Graham must be learning that old nursery song at school, because I got a video on my phone recently of him singing it while twirling his little brother around.
Let me just say that it appeared to escalate into a contact sport the third go round and the video got cut short rather abruptly.
I am thinking mom intervened before they collided with the coffee table or each other’s heads or baby Joel…..
Thankfully, little children are spared the speculations about the meaning of this song and can just enjoy the rhyme and the fun of the spinning around until they fall in a giggly heap.
Although, I must admit…hearing your grandson sing “ashes, ashes”… is kinda weird.
On Wednesday, I saw several foreheads sprinkled with another kind of ashes. A reminder to the one wearing them and a reminder to me…what we are made of.
A reminder that we do, indeed, all fall down.
If I didn’t think I would have freaked them out, I wanted to thank each person I saw who bore them.
I shared in my post on Wednesday some ideas for drawing closer to God for the purpose of repentance during this season that will lead us to the celebration of the Resurrection on Easter Sunday.

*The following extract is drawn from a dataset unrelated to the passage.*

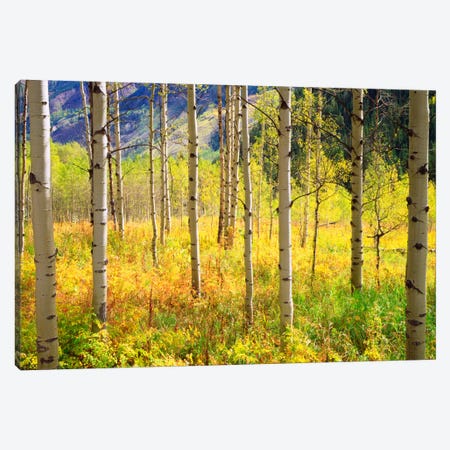 Autumn Landscape, Rocky Mountains, Colorado, USA Canvas Print #CTF14} by Christopher Talbot Frank Canvas Print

I listened to a sermon twice this week from Harvest Community Church in Hoffman Estates based on 1 John 1: 5-9. Pastor Jared Ahrens taught about what it means to walk in the light.
Pastor Ahrens pointed out that when John speaks of “walking in the light”, he is not saying that we we will not have areas of darkness.
But when God shines His light of truth in those places, we will respond to His conviction and we will obey Him as He calls us out of the darkness and into the light.
He explains that to “walk in the Light” means that our hearts are open to allow God’s truth to expose areas inside of us where darkness may be hiding out.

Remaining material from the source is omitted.